>>

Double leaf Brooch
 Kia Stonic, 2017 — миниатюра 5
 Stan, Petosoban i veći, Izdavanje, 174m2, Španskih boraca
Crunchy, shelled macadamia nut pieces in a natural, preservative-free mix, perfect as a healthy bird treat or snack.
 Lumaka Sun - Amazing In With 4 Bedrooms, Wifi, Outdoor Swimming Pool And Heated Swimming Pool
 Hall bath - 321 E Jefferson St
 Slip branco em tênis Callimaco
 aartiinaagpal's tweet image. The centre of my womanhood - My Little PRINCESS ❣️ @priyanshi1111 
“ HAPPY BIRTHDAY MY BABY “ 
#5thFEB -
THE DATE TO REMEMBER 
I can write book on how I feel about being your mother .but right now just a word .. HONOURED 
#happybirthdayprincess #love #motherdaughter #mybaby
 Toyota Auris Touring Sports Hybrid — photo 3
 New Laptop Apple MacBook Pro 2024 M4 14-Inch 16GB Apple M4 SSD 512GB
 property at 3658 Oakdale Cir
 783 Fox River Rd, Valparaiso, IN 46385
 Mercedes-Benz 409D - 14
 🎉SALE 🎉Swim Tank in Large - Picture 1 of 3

<<

* [Assigned task] The answer consists solely of the lines from the one containing "New Laptop Apple" through the last line of the data above, reproduced exactly.

* [Answer below]
 New Laptop Apple MacBook Pro 2024 M4 14-Inch 16GB Apple M4 SSD 512GB
 property at 3658 Oakdale Cir
 783 Fox River Rd, Valparaiso, IN 46385
 Mercedes-Benz 409D - 14
 🎉SALE 🎉Swim Tank in Large - Picture 1 of 3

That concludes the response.